BY :ILYAS BHAT
SEPTEMBER 10, 2021
Indonesia is the fastest growing e-commerce market in ASEAN, a vibrant young economy and the world’s fourth most populous country. Now the country aims to become the 4th largest economy by 2045.
Although statistically Indonesia has been a rather stable economy in ASEAN with a consistent 4 to 5 percent annual GDP growth, however, some of the economists believe it might not be enough to achieve this target.
For Indonesian economy to reach above US$12,000 threshold to become a high income economy, we must achieve annual growth rates between 6 percent and 7 percent consistently over multiple years.
Can technology and digital innovation unleash new growth and productivity cycle?

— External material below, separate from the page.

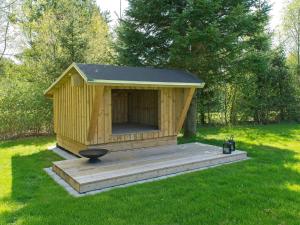 a dog house with a deck in the grass at Holiday Home Gardi - 14km from the sea by Interhome in Oksbøl +19 photos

Globally, growth has been on a downward trajectory since the past 40 years. Our traditional growth models are failing. For Indonesia to escape middle income trap we need ground up transformation to kickstart new growth cycles by using 4th generation technological innovations to infuse more productivity.
We need more and more progressive digital disruption, encourage and nurture entrepreneurship and innovation to kickstart our new growth engines. You will be surprised what technological innovation with great entrepreneurs can achieve.
Using technology alone can produce large multiplication of resources, without destroying the planet. For all entrepreneurs out there, from manufacturing to real estate to construction to food production, from financial services to energy, they are all open for disruption and dematerialization.
However, we need to remember a growing digital economy does not by default imply an inclusive one. Issues challenge the efforts to align digital innovation to achieve inclusivity.
Despite all the advances Indonesia has made in the recent past on digital technology and the fact that it has the highest number of unicorns in ASEAN, the country is still at an early dawn of what we call Globalization 4.0. Today, the contribution of digital economy to Indonesia’s GDP is currently at 2.9 percent, which is still trivial.
Digital technology will be impacting every walk of life and every vertical industry across the globe. The internet will increasingly become the most fundamental and vital infrastructures around the world.
Artificial intelligence, virtual reality, 5G, big data, advanced robotics and cloud and quantum computing will become the basic building blocks of Globalization 4.0. Transportation, education and many more industries will become fully digital.
While it sounds promising, some may say that the future is already here yet it is unevenly distributed. Inclusive growth is rapidly becoming a mere smoke screen, used for political and marketing gimmick thus becoming “conceptually fuzzy” and having “a limited evidence base” rather compounding existing inequalities.
While creating lower cost, east of use, efficient ways for creating products and services, hundreds of thousands would lose jobs because of technology disruption. While the opportunities for disruption will be huge, those left behind will feel it acutely.
It would be a bigger mistake to let the risks associated with digital innovation obscure its potential to make our world a better place.
The question is how well or how little we are as a nation prepared to harness the next digital revolution.
I hope we will all agree that globalization since years ago in essence has raised our standard of living. But one can argue that it benefited 1 percent of the population tremendously while leaving the 99 percent behind, creating a greater economic divide.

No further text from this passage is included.